To build world-class higher education institutions in India, a lot of changes in higher education policies, governance practices and financial patterns need to be introduced. One of the key issues in this regard is the method of assessment and accreditation. In India, the University Grants Commission distributes government grants and regulates the standards of university education. In the case of professional education, this function (not grant distribution) is shared by professional councils set up under separate statutes including the All India Council for Technical Education (AICTE) Act.

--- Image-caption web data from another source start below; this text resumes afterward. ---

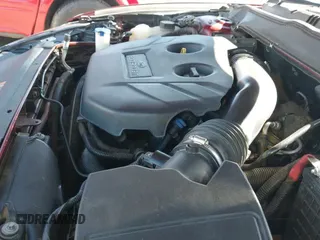 ✅ 2014 Ford Fusion Titanium • VIN: 3FA6P0K92ER219749 • Lot: 43572460. Wystawiony na IAAI z przebiegiem 113 673 mil. Bezpłatny archiwum sprzedaży aukcyjnych z USA i szczegółowy raport historii pojazdu na DreamBid. Zdjęcie 13.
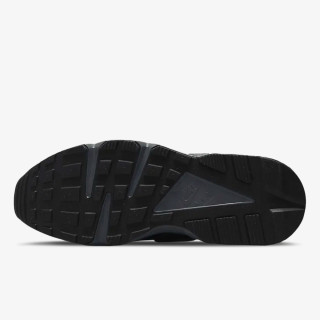 NIKE Спортни обувки AIR HUARACHE 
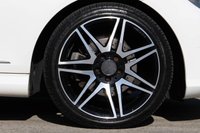 USED 2013 08 MERCEDES-BENZ C-CLASS 2.1 C250 CDI BlueEfficiency AMG Sport Plus 7G-Tronic Plus 4dr **SOLD AWAITING COLLECTION**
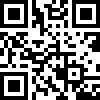 https://isna.ir/xcZBWc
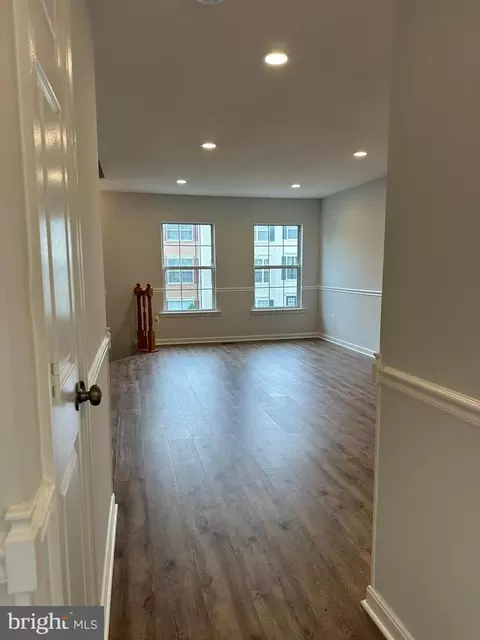 20244 Brookview Sq, Ashburn, VA 20147 photo 6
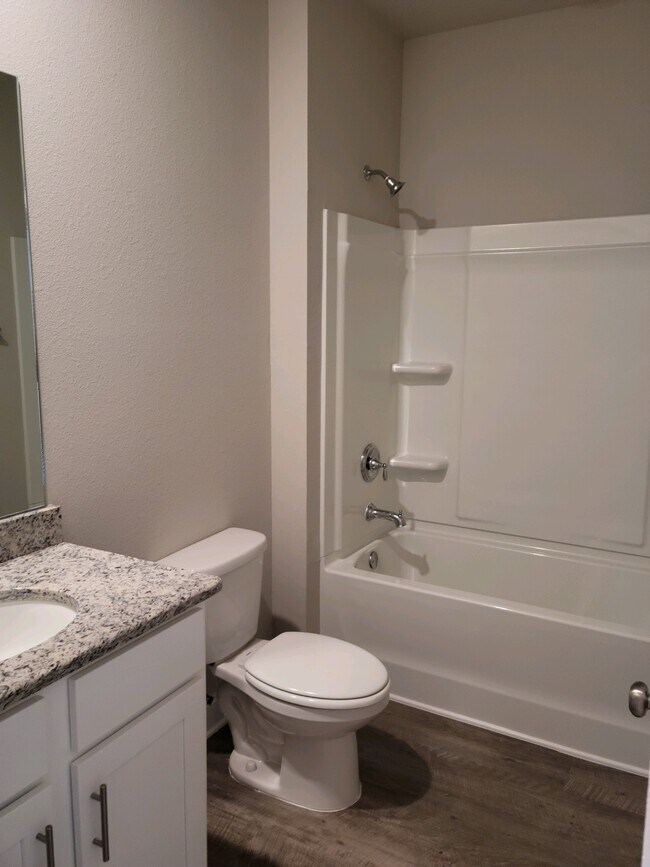 Foto del edificio - 31316 Palladian Wy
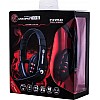 Marvo Scorpion H8311 Gaming Headset Stereo Wired Headphones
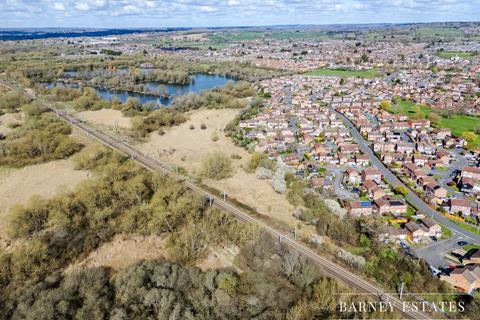 undefined, Keighley Close, Thatcham, RG19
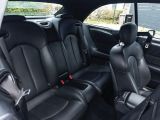 Mercedes-Benz CLK-Klasse bei Reisemobile.expert - Abbildung (11 / 15)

Assessment and accreditation are highly complex and professional tasks which require special expertise of independent scholars and educational administrators. The process should be credible and transparent, based on criteria widely accepted by the academic and professional bodies as it can make or mar the future of institutions and its stakeholders. As such, it should be done by registered accountable professional bodies that should be recognised for its competence for the job. This is what the National Accreditation Regulatory Authority for Higher Educational Institutions Bill (2010) which is pending in Parliament, seeks to establish in India.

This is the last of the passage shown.